How to prove that if $\sigma\in \operatorname{Gal}(k(x)/k)\Leftrightarrow \sigma(x)=\frac{ax+b}{cx+d}$? [duplicate]
Solution 1:
The formula $\sigma(x)=\frac{ax+b}{cx+d}$ is only supposed to tell you directly what $\sigma$ does to one particular element of $k(x)$, namely $x$ itself, not what it does to other elements like $0\in k(x)$. For example, say we consider $\mathbb{Q}(e)/\mathbb{Q}$. The equation $\sigma(e)=e+1$ is just a single equation, it doesn't tell you directly what $\sigma(0)$ is. It doesn't make any sense to "evaluate" $2.71828\dots$ to $0$.

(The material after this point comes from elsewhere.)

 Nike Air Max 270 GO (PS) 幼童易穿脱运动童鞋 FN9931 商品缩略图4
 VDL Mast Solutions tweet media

You can however indirectly determine what $\sigma$ does to any element of $k(x)$ using the knowledge of $\sigma(x)$ and the fact $\sigma$ is a field automorphism. Since any element of $k(x)$ is built from scalars of $k$ and $x$ using the basic arithmetic operations, and $\sigma$ preserves these scalars and operations, we can say if $f(x)$ is any rational expression in $x$ (an element of $k(x)$) then $\sigma(f(x))$ must equal $f(\sigma(x))$. For example, if $\sigma(x)=x+1$ then $\sigma(x^2-1)=\sigma(x)^2-1=(x+1)^2-1$ and $\sigma(0)=0$.